Sen. Charles E. Schumer (search) of New York asked the White House homeland security adviser, Frances Townsend, to identify who provided to reporters last week the name of Mohammed Naeem Noor Khan (search) and why Khan's name was disclosed. Schumer also asked whether Townsend believed the disclosure had compromised national security.

"I believe that openness in government is generally the best policy, but the important exception should be anything that compromises national security," Schumer wrote in his letter to Townsend. He cited press statements by authorities in Pakistan and England that the disclosure was harmful to their investigations.

National security adviser Condoleezza Rice (search) acknowledged Sunday in a televised interview that Khan's name had been disclosed to reporters in Washington "on background," meaning that it could be published, but the information could not be attributed by name to the official who had revealed it.

"The problem is that when you're trying to strike a balance between giving enough information to the public so that they know that you're dealing with a specific, credible, different kind of threat than you've dealt with in the past — you're always weighing that against kind of operational considerations," Rice said on a Sunday morning cable news show.

"We've tried to strike a balance," Rice added. "We think for the most part, we've struck a balance, but it's indeed a very difficult balance to strike."

The U.S. government's disclosure on Aug. 1 of Khan's arrest and some of the information tied to Khan came amid a furious defense by the Bush administration explaining its decision to warn one day earlier about possible attacks against U.S. financial buildings in New York, Washington and Newark, N.J.

White House spokesman Scott McClellan cautioned Monday that information may be more limited about future raids against Al Qaeda suspects.

"It is important that we recognize that sometimes there are ongoing operations under way," he said. "And as we move forward on capturing or bringing to justice Al Qaeda members, we need to keep that in mind. And sometimes we aren't able to go into as much detail we would like to because of those ongoing operations."

Khan, arrested July 13 in Pakistan, was described by authorities as a communications technician working for Al Qaeda who helped send electronic messages on behalf of the group's members.

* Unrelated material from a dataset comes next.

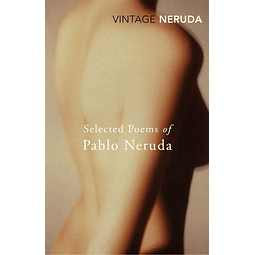 Selected Poems Of Pablo Neruda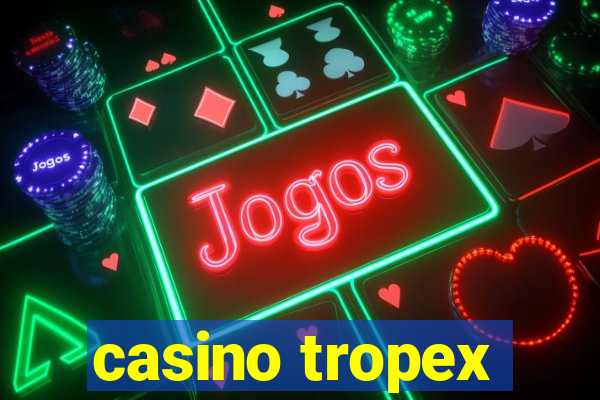 casino tropex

U.S. and Pakistani officials, speaking on condition of anonymity, have confirmed that Khan agreed after his arrest to send e-mails to Al Qaeda members, and Khan received replies from at least some of them. Days after Khan's arrest, British authorities arrested 12 terror suspects in raids, including one person described as a senior al-Qaida operative, Abu Eisa al-Hindi, and Khan's cousin, Babar Ahmad.

U.S. officials and government interviews with other captured terror suspects indicated al-Hindi was sent to the United States in early 2001 by the principal architect of the Sept. 11 suicide hijackings to perform surveillance on economic and "Jewish" targets in New York.

Ahmad has been indicted in the United States on charges he tried to raise money for terrorism from 1998 through 2003. Authorities said he had battle group plans for Navy vessels in the Persian Gulf.